» **Problem**: Please repeat exactly the lines from the one containing "LDON LX106 3-Mode" through the last line of the records below, both included, and leave out any pictures.
── Data for the task
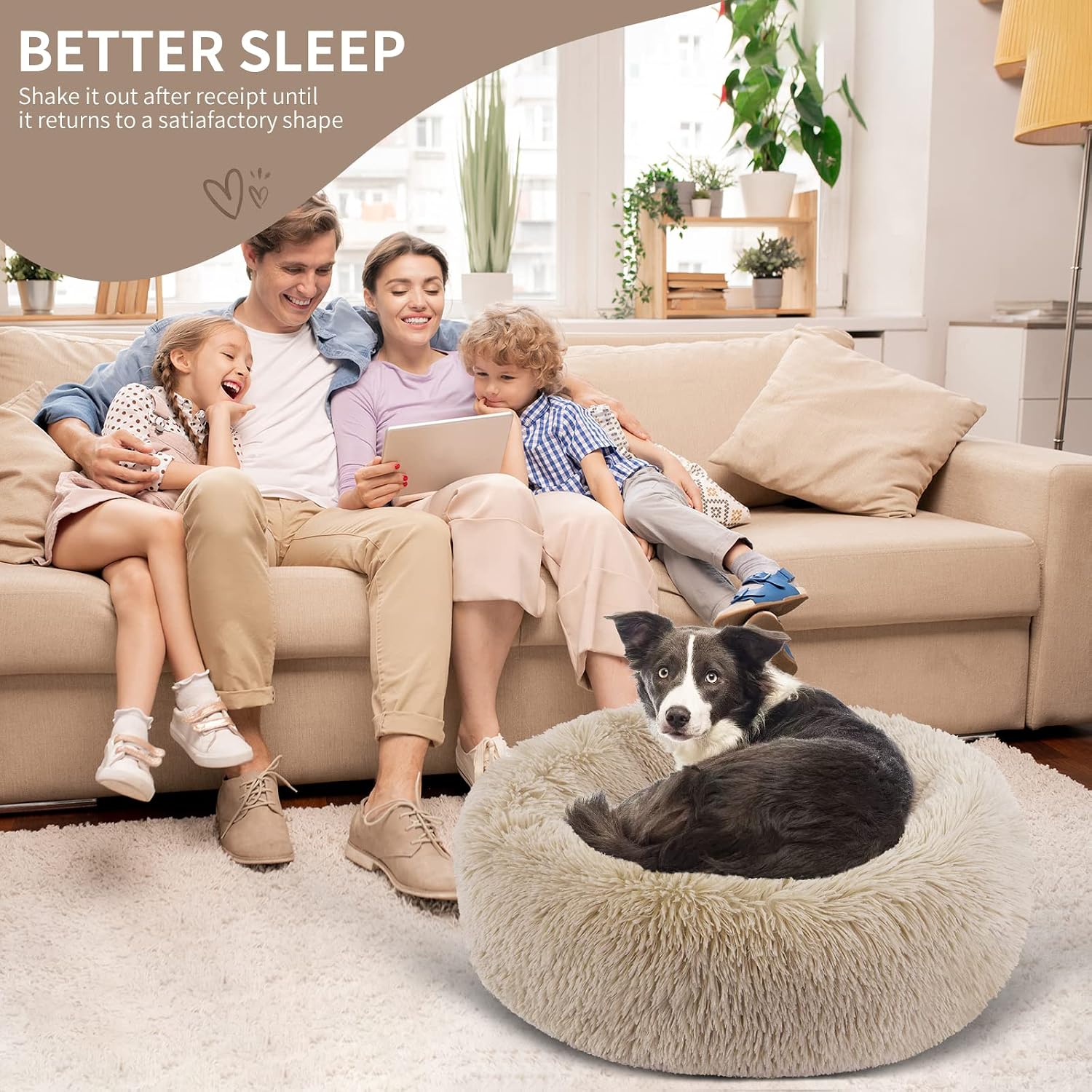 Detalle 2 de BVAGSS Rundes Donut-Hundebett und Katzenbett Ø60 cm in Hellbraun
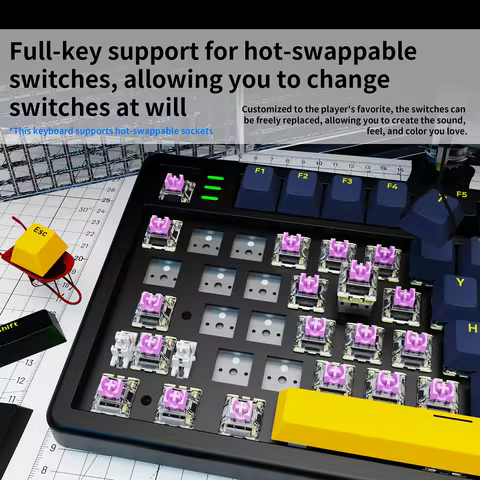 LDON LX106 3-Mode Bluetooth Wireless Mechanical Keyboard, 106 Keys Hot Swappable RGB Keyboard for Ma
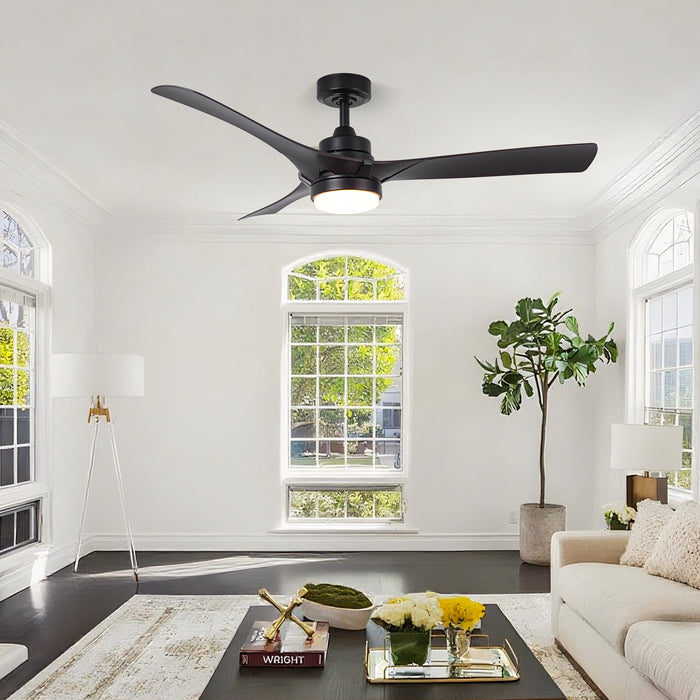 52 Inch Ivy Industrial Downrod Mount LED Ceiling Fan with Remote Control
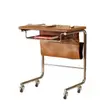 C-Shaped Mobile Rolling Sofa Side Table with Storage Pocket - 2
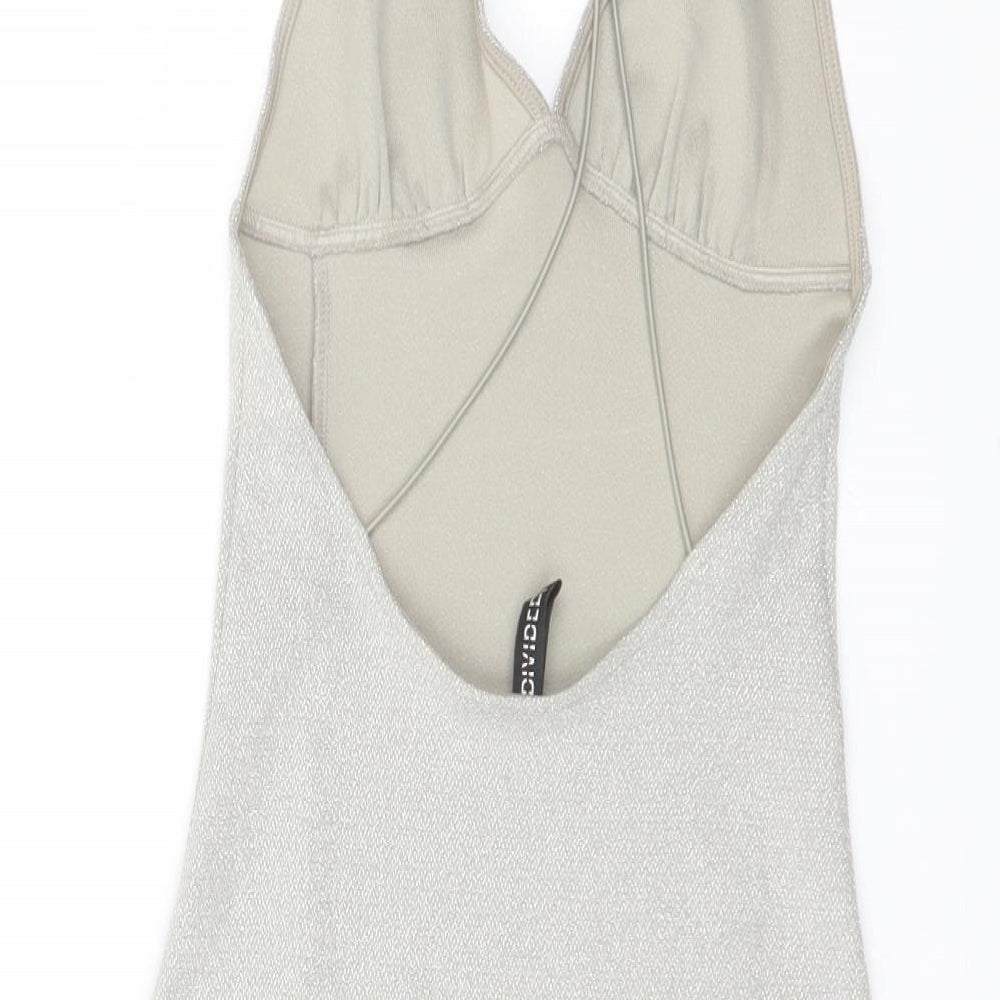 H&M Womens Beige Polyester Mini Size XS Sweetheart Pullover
────
» **Response**:
 LDON LX106 3-Mode Bluetooth Wireless Mechanical Keyboard, 106 Keys Hot Swappable RGB Keyboard for Ma
 52 Inch Ivy Industrial Downrod Mount LED Ceiling Fan with Remote Control
 C-Shaped Mobile Rolling Sofa Side Table with Storage Pocket - 2
 H&M Womens Beige Polyester Mini Size XS Sweetheart Pullover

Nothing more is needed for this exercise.